Una foto del periódico me horrorizó: un niño somalí que parecía un extraterrestre desnutrido. El cuerpo, con sus huesitos remarcados bajo la piel. La cabeza, enorme, desproporcionada con el tronco reducido, se asemejaba al globo terráqueo. La boca -¡ay la boca!-, abierta por el hambre, emitía un grito mudo, la amargura de quien no tuvo la vida como un don, sino como dolor.
Al lado de esta foto iban titulares acerca de la crisis financiera del casino global. En diez días las bolsas de valores perdieron US$ 400 mil millones. ¡Estremecedor! ¿Y ni un centavo para aplacar el hambre del niño somalí? ¿Ni una mísera gota de alivio para tamaño sufrimiento?
Me dio vergüenza. Vergüenza de la Declaración Universal de los Derechos Humanos, que dice que todos nacemos iguales, sin proponer que vivamos con menos desigualdades. Vergüenza de que no haya una Declaración Universal de los Deberes Humanos.
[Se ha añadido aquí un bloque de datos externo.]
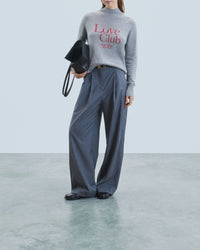 Love Club Cashmere stand-up jumper - Dark Mottled Grey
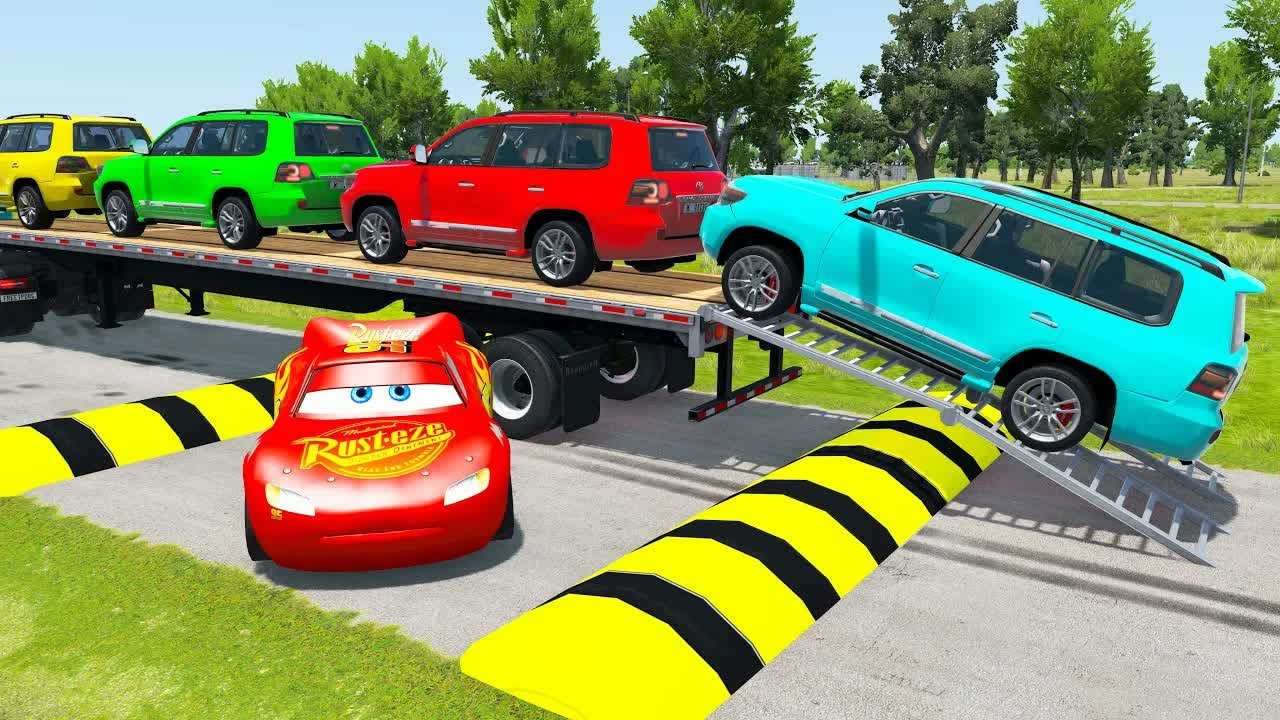 Flatbed Truck McQueen | Transportation with Truck - Pothole vs Car #24 | BeamNG.Drive Gameplay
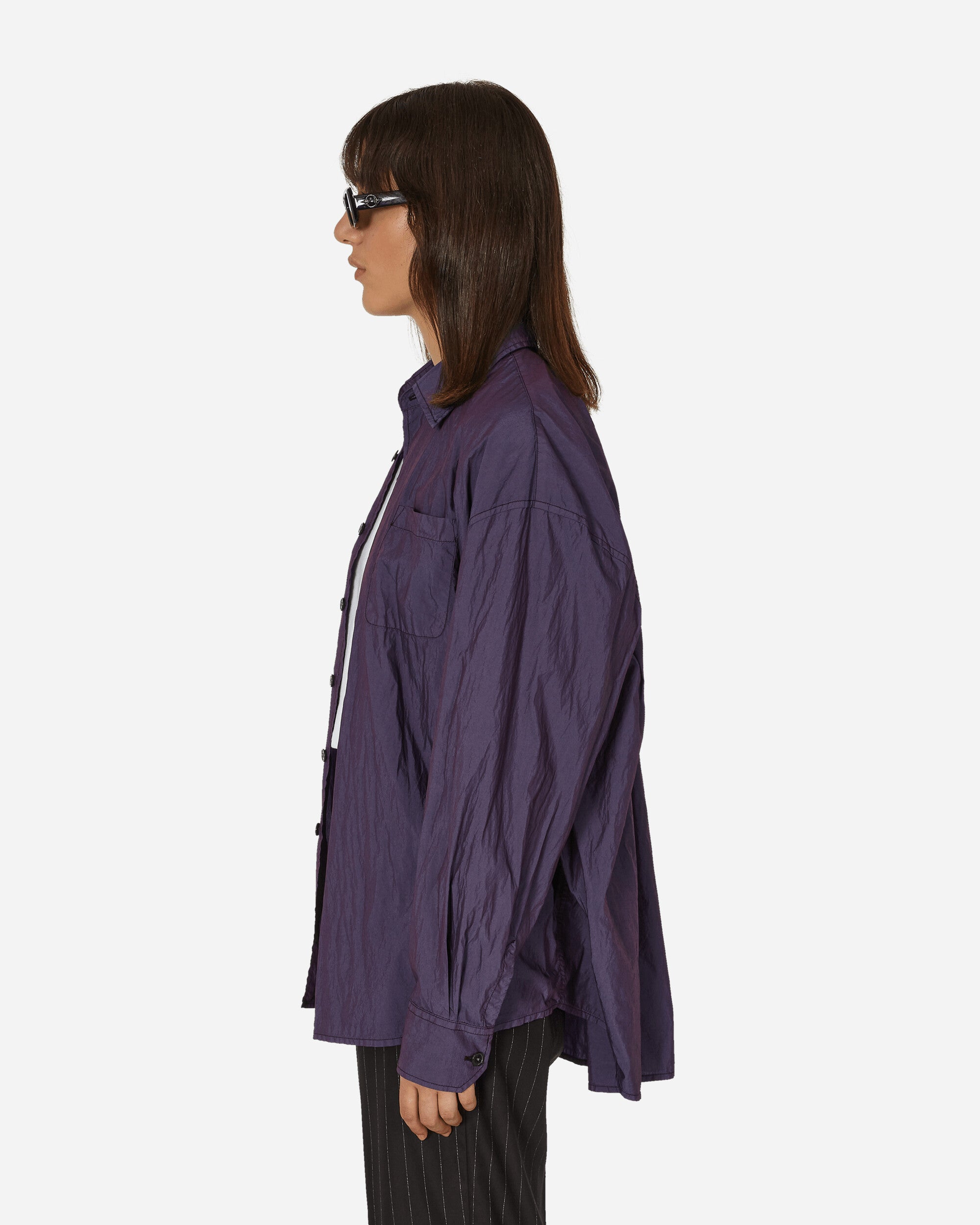 Our Legacy Borrowed Shirt Blackcurrant Parachute Poplin Shirts Longsleeve Shirt M4232BBP 1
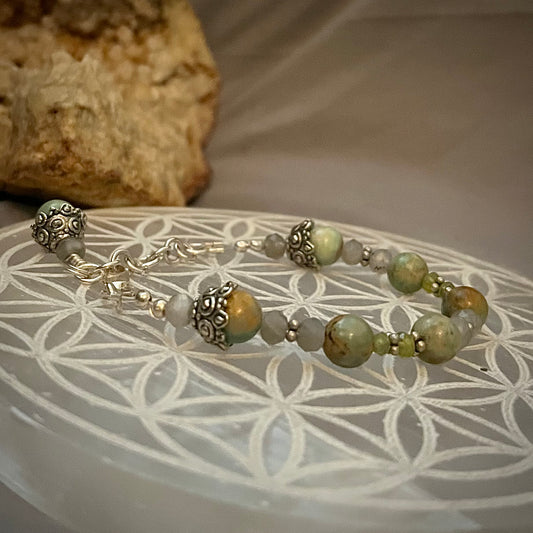 Ocean Aura | Turquoise & Rainbow Moonstone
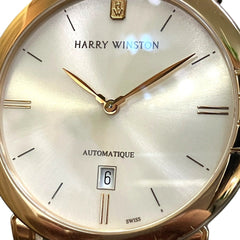 Harry Winston Midnight Date Watch, Total Weight 79.8g, 18K Gold, Genuine Leather Strap, Automatic Movement, Silver Dial, 450MA42RL.W1 051325 — Very Good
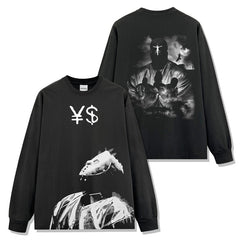 Hip Hop Kanye Kanye West Printed Short Sleeve T-Shirt Heavy Long Sleeve Crew Neck Hooded Sweater Men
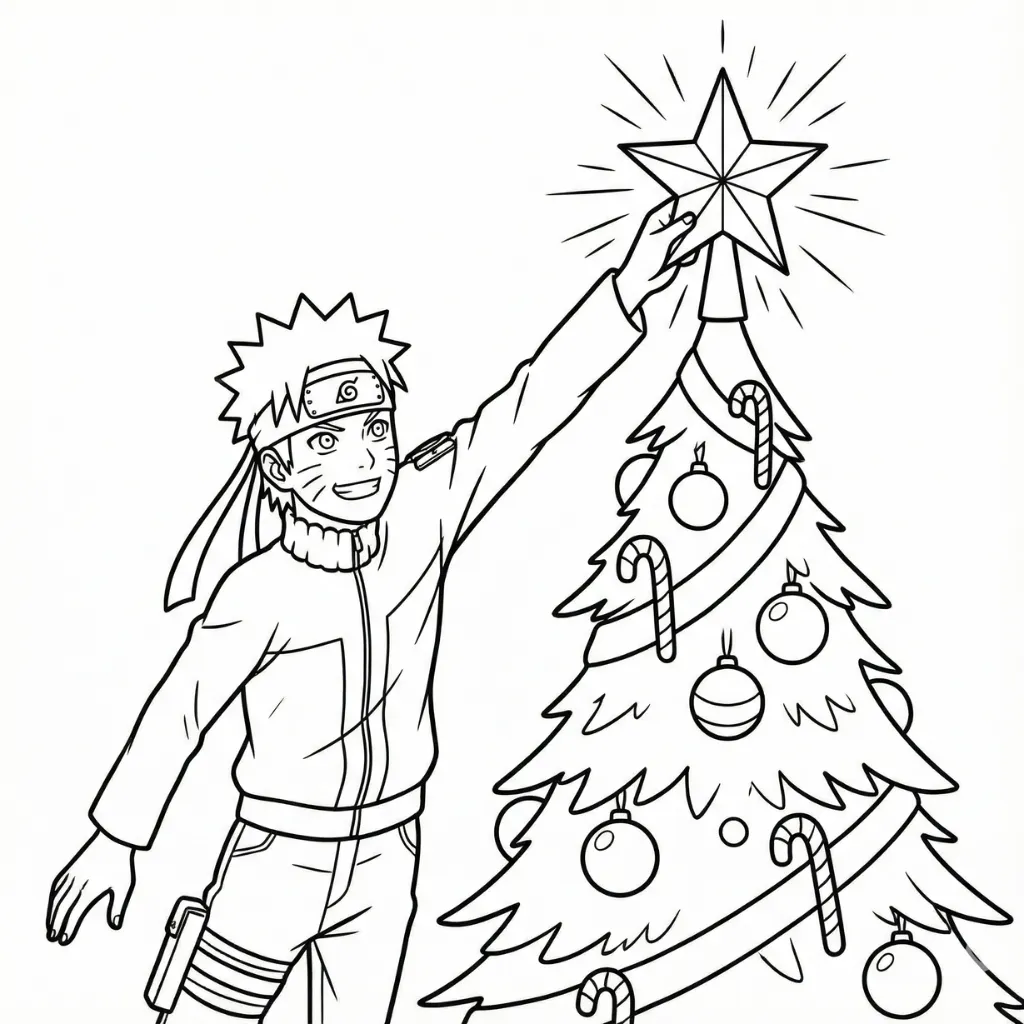 Naruto de Navidad 13 para colorear para niño de 6 años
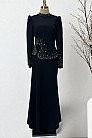 Taş İşlemeli Ayperi Abiye - Siyah - MN-5078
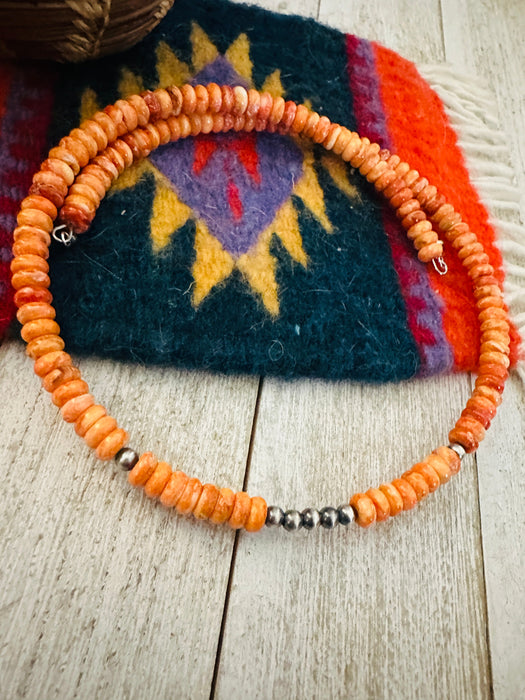 Navajo Orange Spiny & Sterling Silver Beaded Wrap Choker Necklace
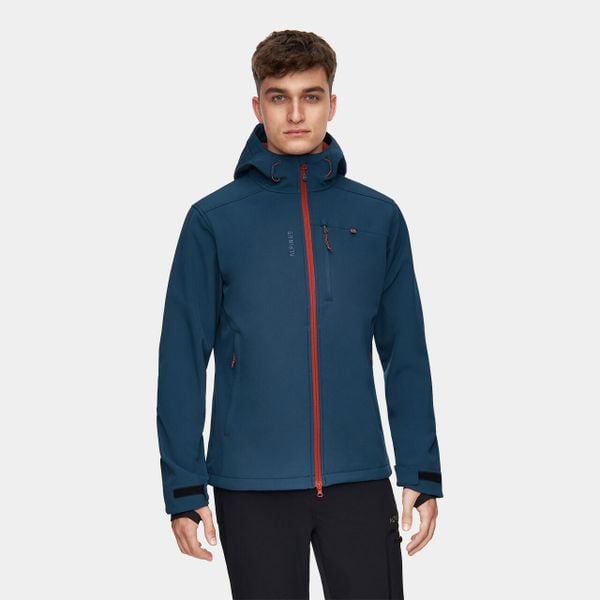 Kurtka turystyczna męska softshell Alpinus ASO. Niebieskie kurtki męskie Alpinus, m, bez wzorów, z softshellu, sportowe, bez kaptura. Za 279.00 zł.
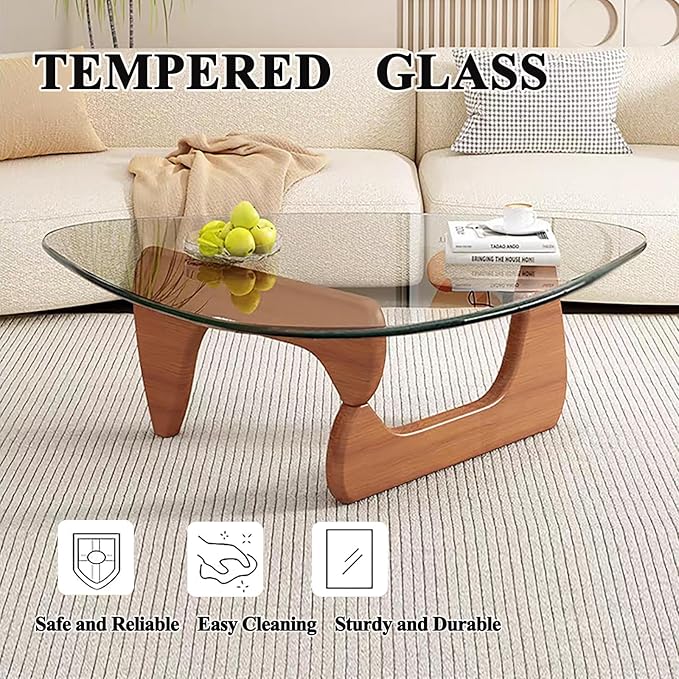 Modern Glass Coffee Table for Living Room, Mid Century Coffee Table, Small Coffee Tables, Suitable for Bedroom Living Room Reception Office Tables (Walnut/Transparent, Medium)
Vergüenza de las afirmaciones solemnes de nuestras Constituciones y discursos políticos y humanitarios. Vergüenza de tantas mentiras que saturan nuestras democracias gobernadas por la dictadura del dinero.
¡US$ 400 mil millones esfumados en la ruleta de la especulación! El PIB actual del Brasil sobrepasa los US$ 210 mil millones. Dos Brasiles derrochados por los desaciertos de los devotos del lucro e indiferentes al niño somalí.
En este mundo injusto una élite privilegiada dispone de tanto dinero que se da el lujo de invertir lo superfluo en el vaivén financiero en espera de que el movimiento sea siempre ascendente. Sueña con ver su fortuna multiplicada en una proporción que ni Jesús fue capaz de hacerlo con los panes y los peces. Basta con decir que el PIB mundial es hoy de US$ 62 mil billones. Y en el casino global se negocian papeles que suman ¡US$ 600 mil billones!
Ahora bien, la realidad habla más alto que los sueños y la necesidad más que lo superfluo. Toda la fortuna invertida en la especulación explica el dolor del niño somalí. Le quitaron el pan de la boca con la esperanza de que la alquimia del baile financiero lo transformara en oro.
Al niño le faltó el más básico de todos los derechos: el pan nuestro de cada día. A los dueños del dinero, que vieron sus acciones hundirse estrepitosamente en la bolsa, ninguna pérdida. Apenas una cierta desilusión. Ninguno de ellos se ha visto obligado a privarse de sus lujos.
Todos sabemos que la cuenta de la recesión de nuevo va a ser pagada por los pobres. Son ellos los condenados a sufrir por la falta de puestos de trabajo, de préstamos, de servicios públicos de calidad. Ellos padecerán el desempleo, los cortes en las inversiones del gobierno, las medidas quirúrgicas propuestas por el FMI, el bajón de las ayudas humanitarias.
La miseria nutre la inercia de los miserables.
Sin embargo preveo el inconformismo de la clase media que, en los EE.UU. y en la Unión Europea, acariciaba el sueño de enriquecerse.
La periferia de Londres entra en ebullición, las plazas de España y de Italia son ocupadas por gente protestando.
¡Tantos ahorros se volatilizaron como humo en las chimeneas del casino global!
Temo que la ola de protestas dé luz verde al neofascismo.
En nombre de la recuperación del sistema financiero (dirán: “volver al crecimiento”), nuestras democracias apelarán a las fuerzas políticas que prometen más oro a los ricos y sueños, meros sueños, a los pobres.
En los EE.UU. la derrota de Obama en las elecciones del 2012 reavivará el prejuicio contra los negros, y el fundamentalismo del ‘tea party’ incrementará el belicismo, la guerra como factor de recuperación económica. La derecha racista y xenófoba tomará los gobiernos de la Unión Europea, dispuesta a contener la insatisfacción y las protestas.
Debido a todo ello, el niño somalí verá sanado su dolor por la muerte precoz. Y Somalia se multiplicará en las periferias de las grandes metrópolis y de los países periféricos afectados en sus frágiles economías.
Pero bueno, dejemos el pesimismo para días mejores. Es hora de reencender y organizar la esperanza, de construir otros mundos posibles, de sustituir la globocolonización por la globalización de la solidaridad.
Sobre todo de transformar la indignación en acción efectiva por un mundo ecológicamente sustentable, políticamente democrático y económicamente justo.